### WHAT IS REQUIRED
Your copy begins at the line with "2210 Huntwood Dr, Salina, KS 67401" and runs through the end of the data below. Set down only those lines exactly, without pictures.

### MATERIAL PROVIDED
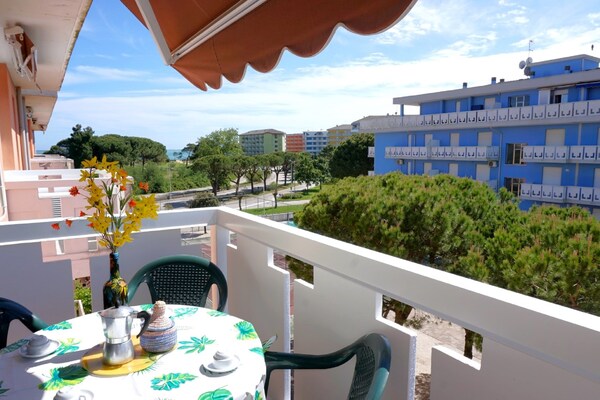 Licht appartement op 70m van zee met zwembad en tennisbaan in Caorle - thumbnail 5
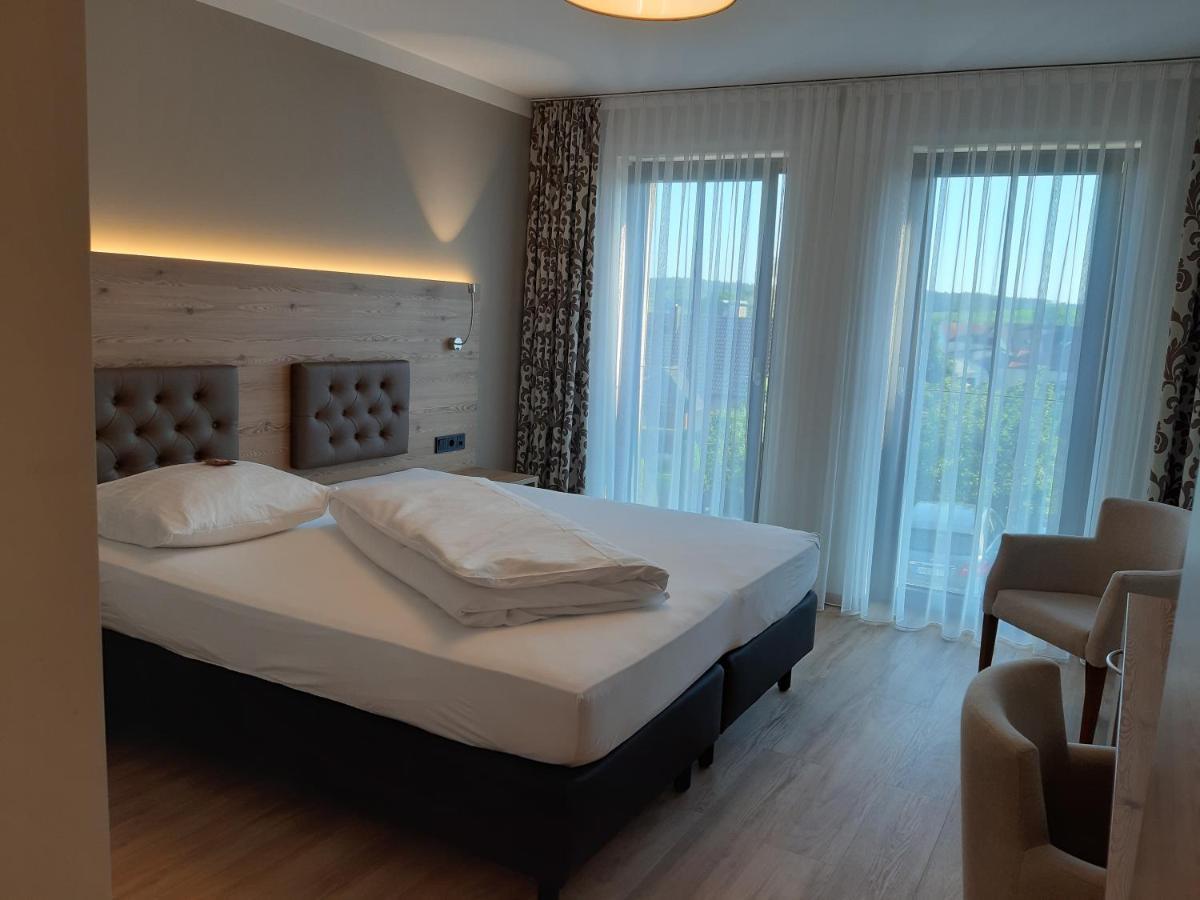 Rossano Boutique Hotel & Ristorante Sachsen bei Ansbach Eksteriør bilde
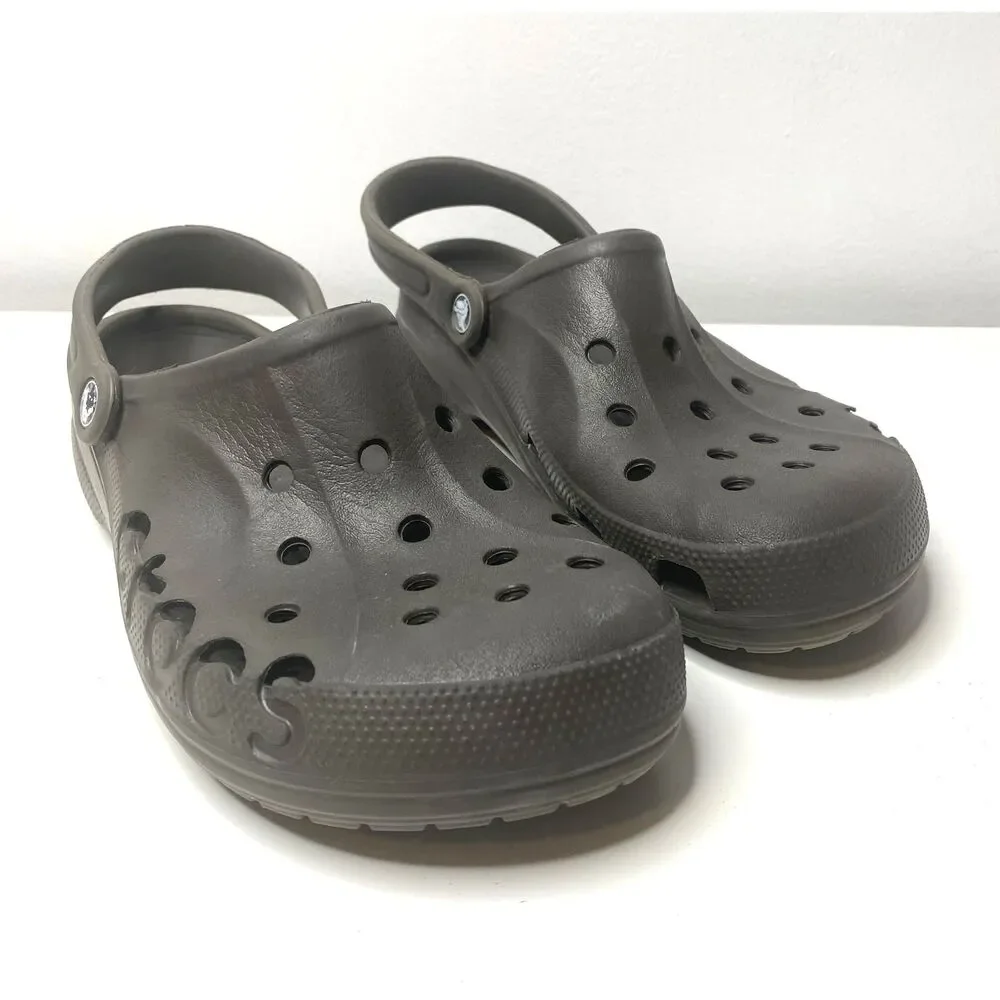 CROCS step into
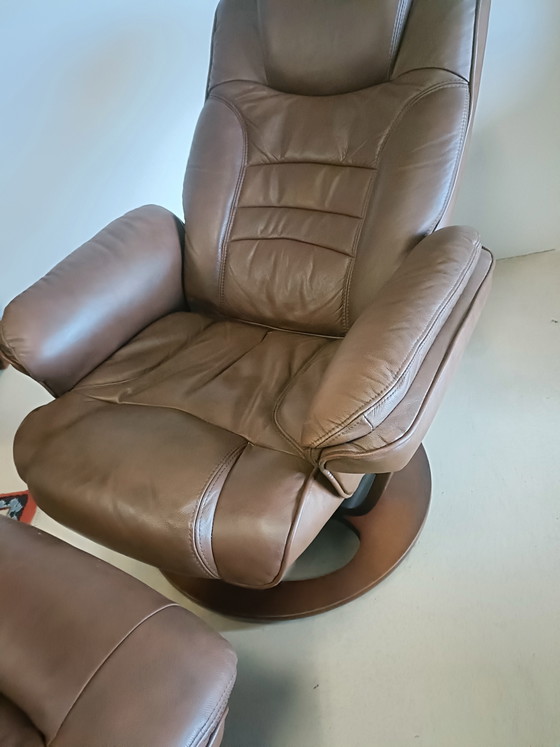 Image 1 of Fauteuil inclinable en cuir marron
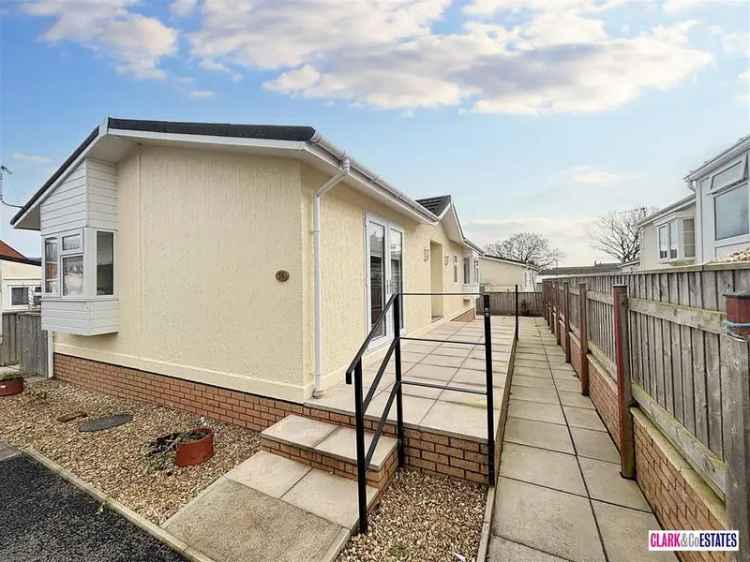 2 Bedroom Park Home for Sale UK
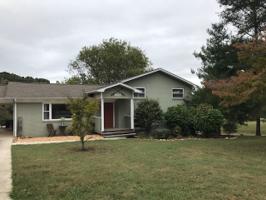 802 Navajo Dr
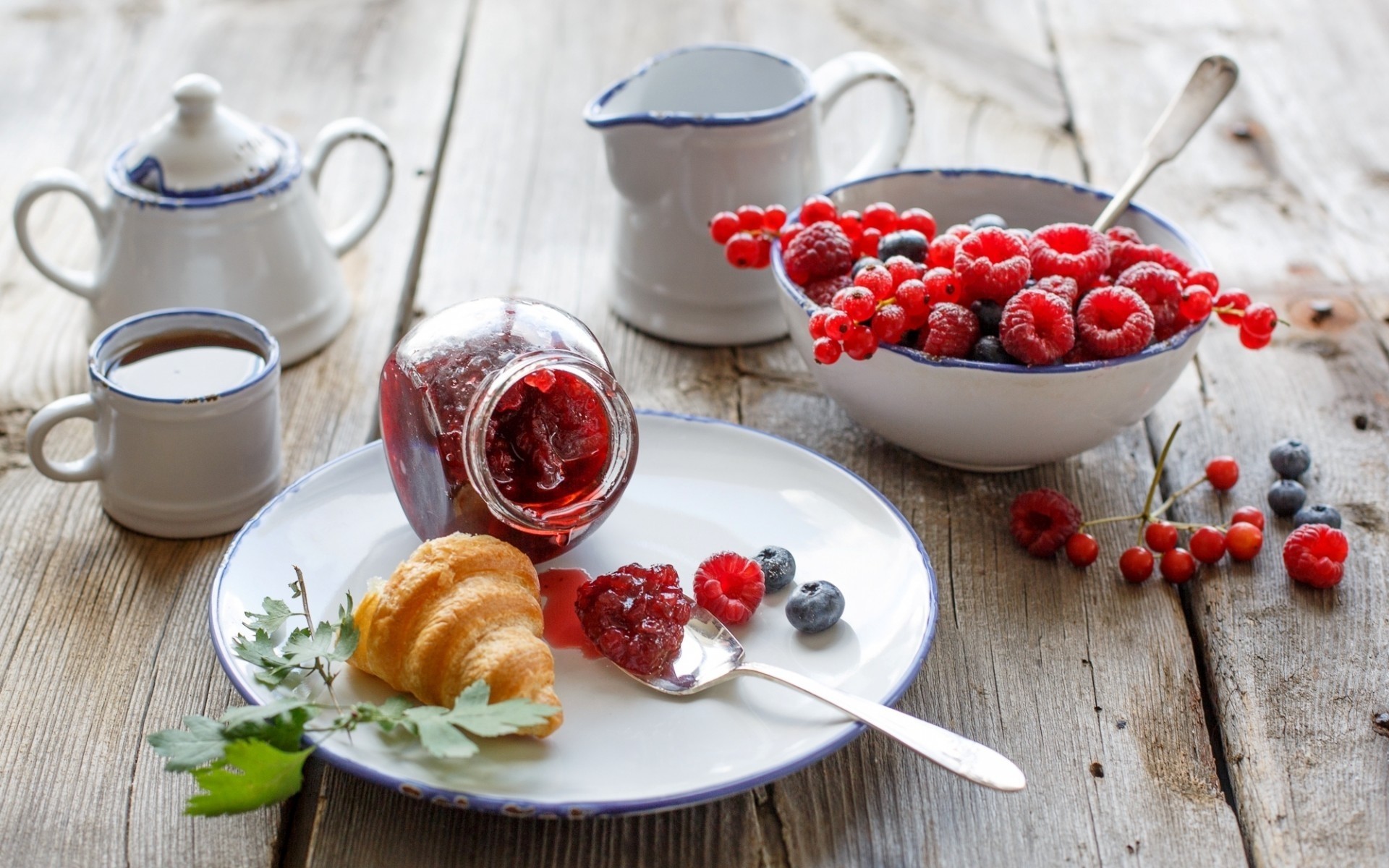 baie alimentaire fruits doux en bonne santé table délicieux en bois délicieux cerise bol confiture rafraîchissement petit déjeuner fruits croissant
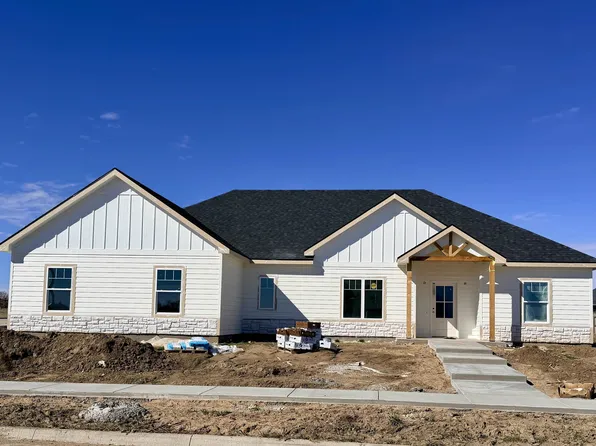 2210 Huntwood Dr, Salina, KS 67401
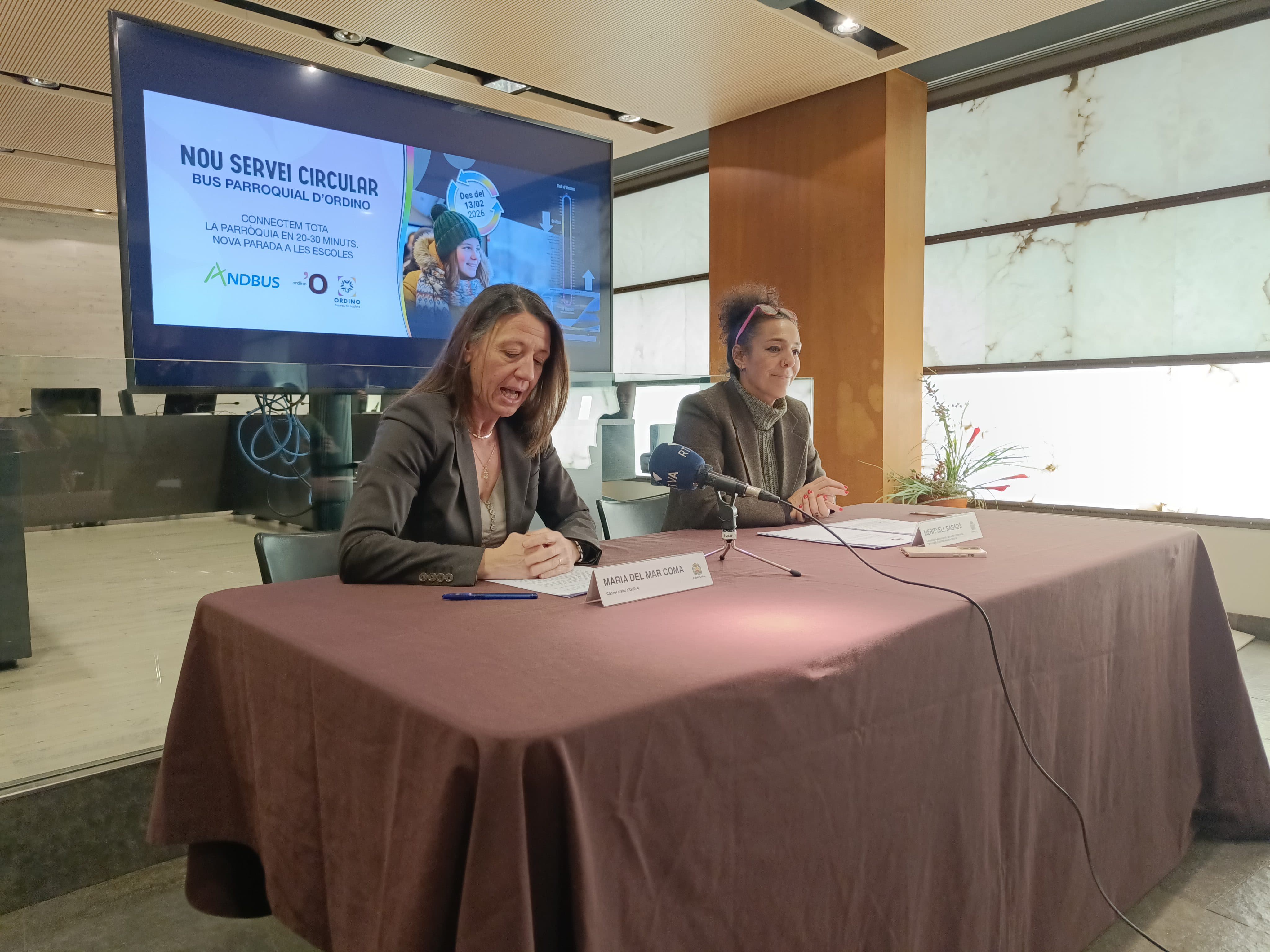 Maria del Mar Coma i Meritxell Rabadà durant la presentació de la nova línia de bus parroquial.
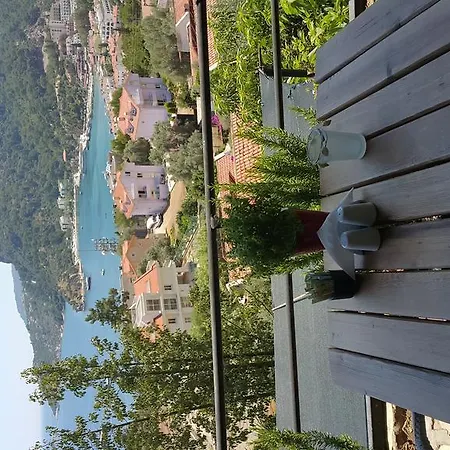 Ξενοδοχείο με διαμερίσματα Serena Suites 3*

### ANSWER SPACE
 2210 Huntwood Dr, Salina, KS 67401
 Maria del Mar Coma i Meritxell Rabadà durant la presentació de la nova línia de bus parroquial.
 Ξενοδοχείο με διαμερίσματα Serena Suites 3*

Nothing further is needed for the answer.